Whatever you do, don't eat meat in a fish restaurant. It's probably been there awhile...


----------



## 373 (Jun 9, 2006)

I've had food poisoning once and I've been seasick once. I'll take seasick every time.

Hope you feel better soon. I can imagine how frustrating it is to have new clubs and not immediately be able to play because it's raining or you have family obligations, (been there, done that), but to look at them in a corner while you are sick has to be worse.


----------



## Stretch (May 15, 2010)

BH - Nice! New S57's I had to google them to see pics. Pings site doesnt show them. Very nice looking.

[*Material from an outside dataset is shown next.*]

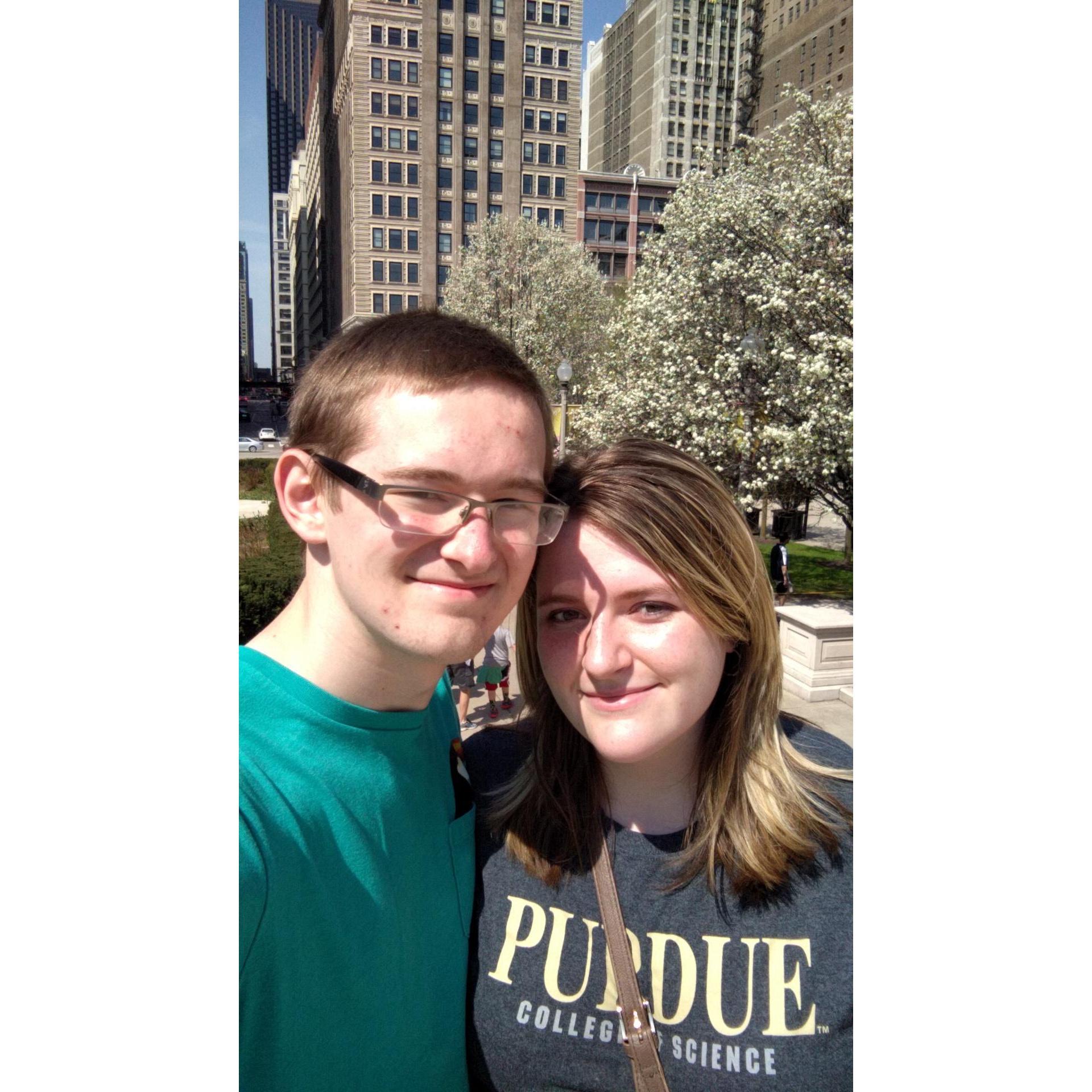 Lexi's first visit to Chicago to visit Mitchell the summer after freshman year.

Sorry to hear you cant hit them. Made me go look for a post by Dennis when I got my Eye2's.

"I think it's one of God's commandments, (on the tablet Moses dropped on his way down the mountain), "Thou shalt suffer through rain the day you buy new golf clubs."

Of course underneath, in small print, says something about eating meat from a fish shop. Really small... hard to read.

Hope you post some pics when you get them and let us know how they hit.

What did you get for a setup? In your sig you have some Ping, Taylor, Callaway & Vokey gear. Wondering what you are replacing.


----------



## Surtees (Sep 11, 2007)

Nice to hear about the club BH hope you feel better soon too food poisioning is never fun!


----------



## Big Hobbit (Nov 2, 2010)

Run away quickly. Lab results are in, and it's Salmonella


----------



## Tim (Jan 8, 2011)

Feel for ya buddy. I was suffering through a dose of something this weekend myself. Hit me Sat. around 2ish and I finally started getting over it Sun. around 5ish. Couldnt eat, couldnt drink, couldnt sleep. Sheesh.
Get well and congrats on the clubs getting in. Hope you like em.


----------